### WORK TASK
Retype each line below precisely and omit all images.

PROVIDED DATA START

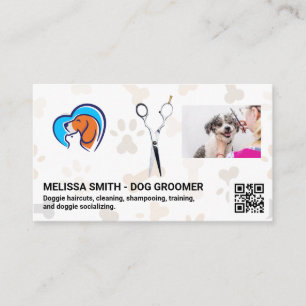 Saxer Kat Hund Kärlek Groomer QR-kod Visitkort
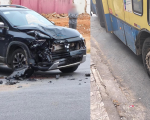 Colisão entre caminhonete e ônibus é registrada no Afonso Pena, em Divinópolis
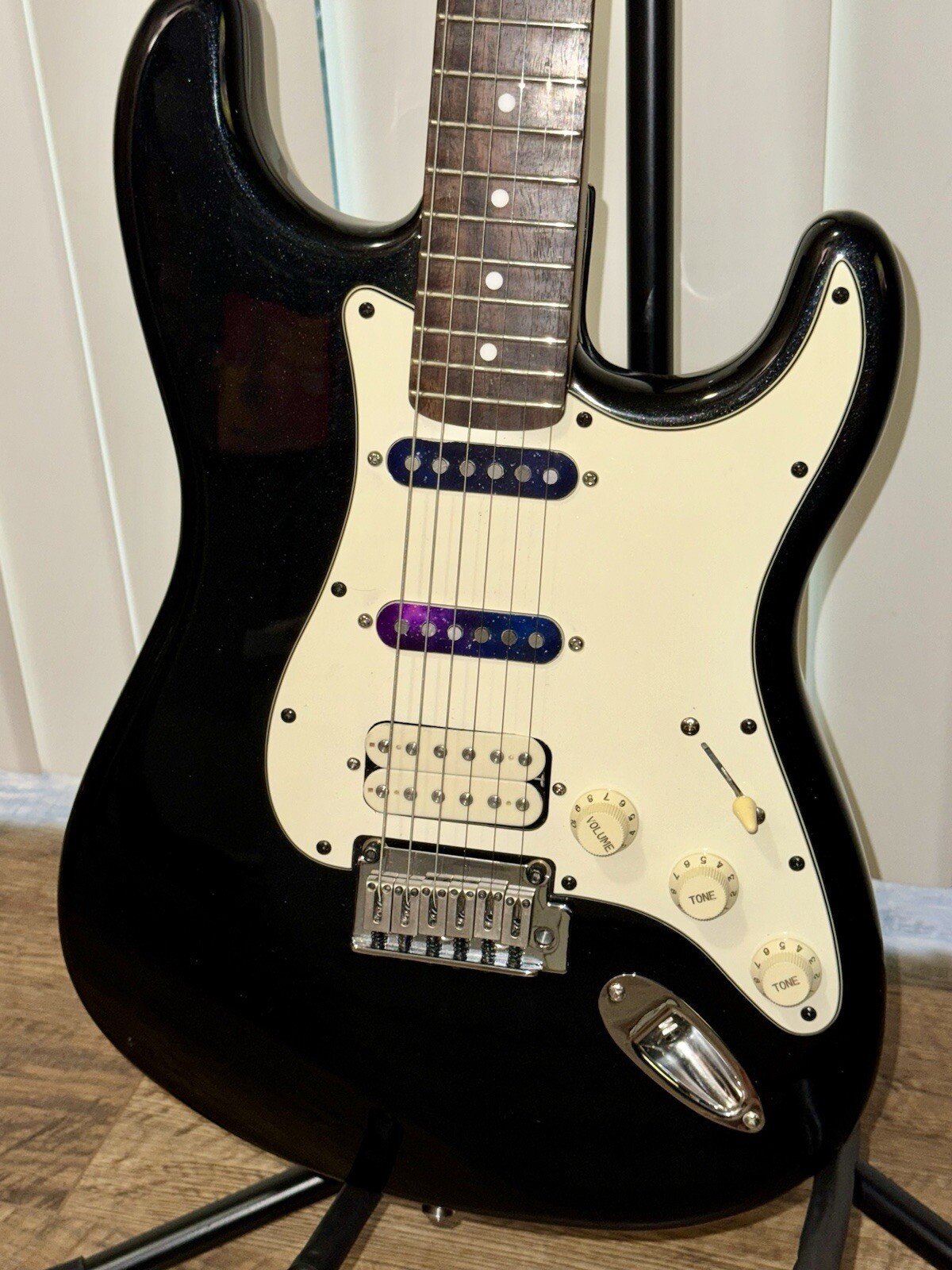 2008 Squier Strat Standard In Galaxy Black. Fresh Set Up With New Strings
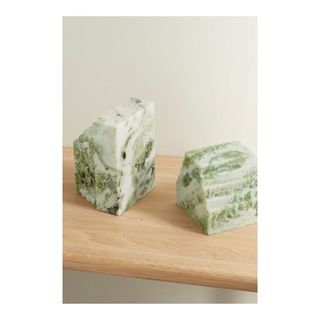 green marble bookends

PROVIDED DATA END

### EXERCISE ANSWER
 Saxer Kat Hund Kärlek Groomer QR-kod Visitkort
 Colisão entre caminhonete e ônibus é registrada no Afonso Pena, em Divinópolis
 2008 Squier Strat Standard In Galaxy Black. Fresh Set Up With New Strings
 green marble bookends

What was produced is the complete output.